Athpula ("Eight-Pier Bridge")
A seven-arched stone bridge spanning what is now a dry streambed, built during Akbar's reign in the late sixteenth century. It is the latest dated structure in the gardens and a reminder that this area was once a functioning landscape of streams and gardens, not just a monumental cemetery.
The Morning Walk
But the monuments are only half the story. Lodhi Gardens is, for most Delhi residents, primarily a park — and one of the best in the city for a morning walk. The gardens open at 6 AM (sunrise in summer, slightly later in winter), and by 6:30 the paths are full. The demographic is specific: government officials from the nearby bungalows, diplomats from the embassies in Chanakyapuri, fitness enthusiasts of all ages, and a steady stream of retired couples who have been walking these same paths for decades.
The walking circuit is roughly three kilometers if you follow the outer path, and it takes you past every major monument in the gardens. The terrain is flat, the paths are well-maintained, and the tree cover — neem, amaltas, semal, arjun — provides shade through most of the route. There is a rose garden in the southwest corner, a bamboo grove near the Athpula, and a small lake where you can sit and watch parakeets and kingfishers.
The early morning light on the tombs is, for photographers, one of the great visual experiences of Delhi. The sandstone glows. The shadows are long. The joggers provide human interest against the ancient architecture. Arrive by 6:15 in summer, 7:00 in winter.

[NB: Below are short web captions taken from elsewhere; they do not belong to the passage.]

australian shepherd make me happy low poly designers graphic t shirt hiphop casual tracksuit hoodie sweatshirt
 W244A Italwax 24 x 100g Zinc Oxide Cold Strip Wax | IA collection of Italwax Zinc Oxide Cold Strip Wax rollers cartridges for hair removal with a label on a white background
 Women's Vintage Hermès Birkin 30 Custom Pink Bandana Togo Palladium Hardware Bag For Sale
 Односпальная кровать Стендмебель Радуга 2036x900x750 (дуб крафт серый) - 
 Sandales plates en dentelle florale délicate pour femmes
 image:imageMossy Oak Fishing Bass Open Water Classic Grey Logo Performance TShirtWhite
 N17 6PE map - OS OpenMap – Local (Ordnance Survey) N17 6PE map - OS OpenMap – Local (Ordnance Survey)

The Glasshouse and the Bonsai Park
In the center of the gardens sits a glasshouse — a small Victorian-style conservatory that now houses a collection of tropical plants. It was built by Lady Willingdon as part of the original landscaping, and it is one of the few colonial-era structures in the gardens that has been maintained in its original form. Nearby is the National Bonsai Park, a small but excellent collection of bonsai trees maintained by the Bonsai Society of India. It is open only on weekends and is worth a visit for the quality of the specimens.
Practical Information
Lodhi Gardens is free to enter and open daily from 6 AM to 7:30 PM (closes earlier in winter). The main entrance is on Lodhi Road, opposite the India International Centre; there are additional gates on Max Mueller Marg and on Subramaniam Bharti Marg. The nearest Metro station is Jor Bagh (Yellow Line), about a ten-minute walk. There are no food stalls inside the gardens — this is a park, not a market — but the India International Centre and the Lodhi Hotel are both within walking distance for a post-walk coffee.
The gardens are safe at all hours, and they are one of the few public spaces in Delhi where women walking alone will feel entirely comfortable. The only caution is the monkeys, which are present in large numbers and can be aggressive if you carry food. Do not feed them.
For those interested in exploring more of Delhi's architectural heritage, the gardens are a short walk from Humayun's Tomb and a short drive from the Qutub Minar complex. Together, these three sites tell the story of five centuries of Delhi's architectural evolution — from the pre-Mughal Sultanate to the height of Mughal power.